* Problem statement: Only the lines below, from the one with "4th image of 606 N California Ave" through the one with "2017 TOYOTA PRIUS", are to be written out, exactly.
*** Opening The input ***
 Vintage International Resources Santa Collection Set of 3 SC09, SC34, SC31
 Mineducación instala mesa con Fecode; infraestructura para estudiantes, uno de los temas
*** Closing The input ***
*** Opening The input ***
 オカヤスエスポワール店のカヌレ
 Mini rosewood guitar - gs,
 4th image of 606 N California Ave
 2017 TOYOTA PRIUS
*** Closing The input ***
*** Opening The input ***
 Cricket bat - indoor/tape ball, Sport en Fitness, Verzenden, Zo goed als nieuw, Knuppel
*** Closing The input ***
* Result:
 4th image of 606 N California Ave
 2017 TOYOTA PRIUS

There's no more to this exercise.